For two years, I met Temur Chkheidze twice a week at Royal District Theater. I was part of a team studying theater as a system for processing life. We held discussions in an attempt to what made our work as important as emptying dumpsters, baking bread, and playing with kids. I’m sitting in a car with my teacher, whom I haven’t seen in years. The car is parked behind Rustaveli Theater.

A. Ch.: Trotsky, in the final years of his life, wrote that “Old age is the most unexpected of all things that happen to a man.” Philosopher Emil Cioran commented on these words: “If, as a young man, he had had the exact, visceral intuition of this truth, what a miserable revolutionary he would have made!” Has age sneaked up on you, too? What does age bring?

T. Ch.: Do we ever reevaluate anything? No. We just become more conciliatory, so to speak. Not that you put up with everything. You just realize that you must forgive others and, more importantly, recognize if you are the one in the wrong. It’s not that your nature changes. It’s your attitude toward one thing or another that changes. It’s your response that changes. That’s what age brings. I remember how my mother used to say, “Learn to forgive. People make mistakes, but you shouldn’t walk all over them.” How true! But, at the time, I wondered how one can forgive everything. I don’t know. I don’t know so many things. Honestly, I hoped my mind would open up to far more things. But I’m still the same fool I’ve always been

A.Ch.: You often say: evolution, not revolution. How did you arrive at this assertion?

T.Ch.: I was surprised myself when I realized that this was my philosophy since youth. It’s a matter of principle. I wasn’t just against conflicts. Unfounded claims also irritated me. After all, we don’t assess a statue from one angle only. We walk around it and look at it from different angles. How can you not see your or other people’s deeds from different angles? Or be more forgiving?  “What is the most important thing in arts?” someone once asked Rodin. I love what he said in response: “What do you mean what? Who, not what!”

I got polio when I was three. My right arm never developed. Because of my health condition and physical appearance, fist-fighting was out of question. Those around me always protected me, doted over me, making sure I didn’t get hurt. Even when playing, they made sure I didn’t fall, because I could damage my right arm beyond repair.
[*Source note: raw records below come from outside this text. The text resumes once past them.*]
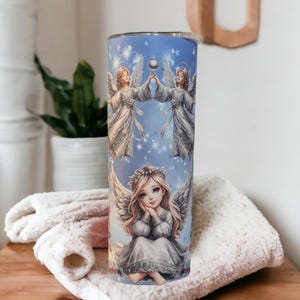 Puede incluir: Un vaso de acero inoxidable con fondo azul y un dise&ntilde;o de &aacute;ngeles sosteniendo una estrella. Los &aacute;ngeles visten vestidos blancos con detalles plateados. El vaso es perfecto para contener bebidas calientes o fr&iacute;as.
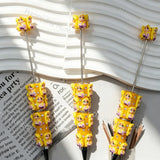 Pre‑assembled beadable pens stacked with long‑blonde‑hair princess figurines. Bright orange base embedded with sparkling rhinestones. Cute themed ballpoint pens for gifts, bulk craft supplies.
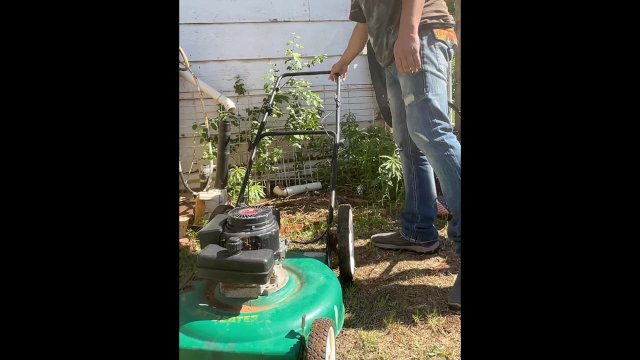 Lawn mower piss #2 (taking a desperate public piss outside on top of a different lawn mower)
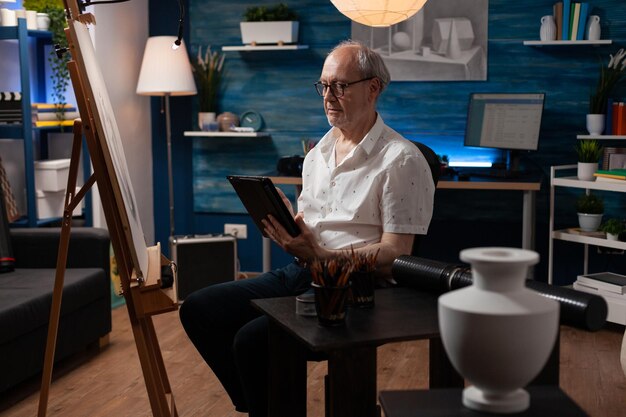 Starszy twórca sztuki przeglądający cyfrowy tablet, szukający inspiracji w internetowej galerii sztuki w domowym studiu ze sztalugą. Starszy artysta korzystający z cyfrowego urządzenia do doskonalenia techniki rysunkowej w warsztacie.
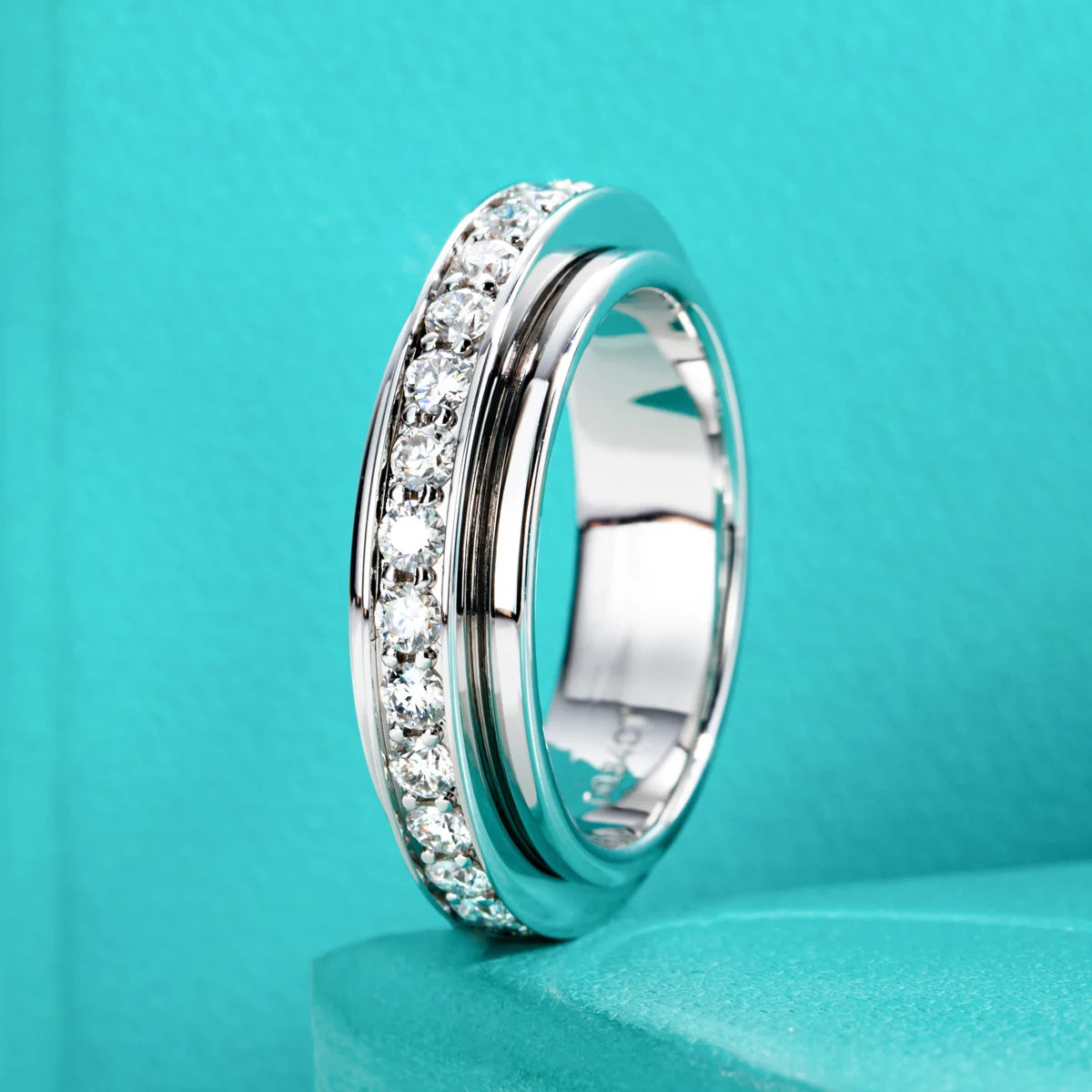 Moissanite spinner ring, side profile, outer band rotating on inner band — Aurora Moissanite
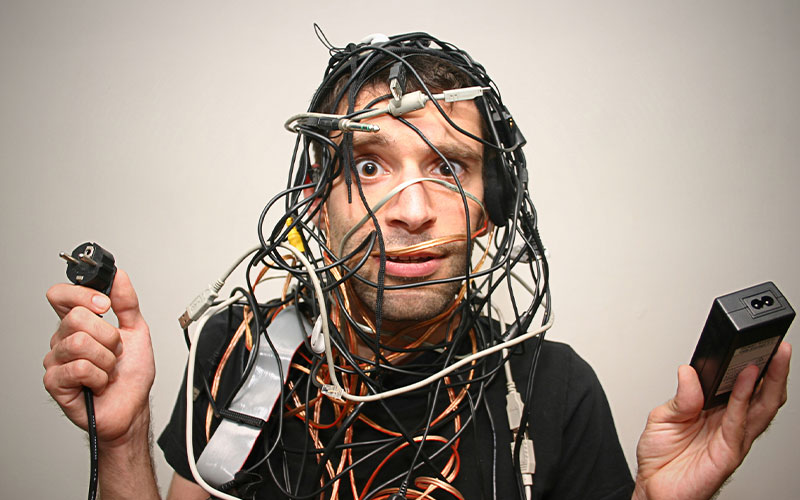 Man holding tangled wires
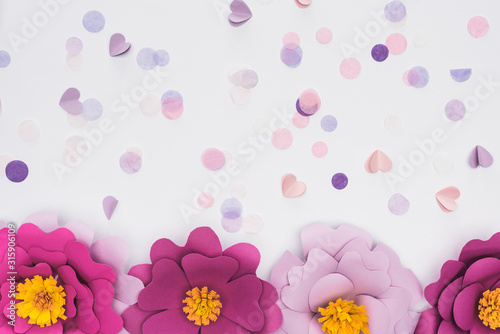 Fototapeta Naklejka Na Ścianę i Meble -  top view of paper cut pink and violet flowers near confetti isolated on white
A.Ch.: A year ago, I visited my grandfather—using COVID as an excuse, because I rarely go see him—and he recalled one story: “My neighbors had buffalos”—he was born and raised in Abkhazia—“Sometimes they herded them down the river toward the sea. Once, the buffaloes wound up in the sea, pretty far, and couldn’t come back. I felt sorry for my neighbors, so I jumped into the raging sea and pushed their destitute buffaloes ashore.” He told this story like it happened the day before. And it dawned on me that this story had turned into a myth for him, one he frequently returned to. Do you have such memories?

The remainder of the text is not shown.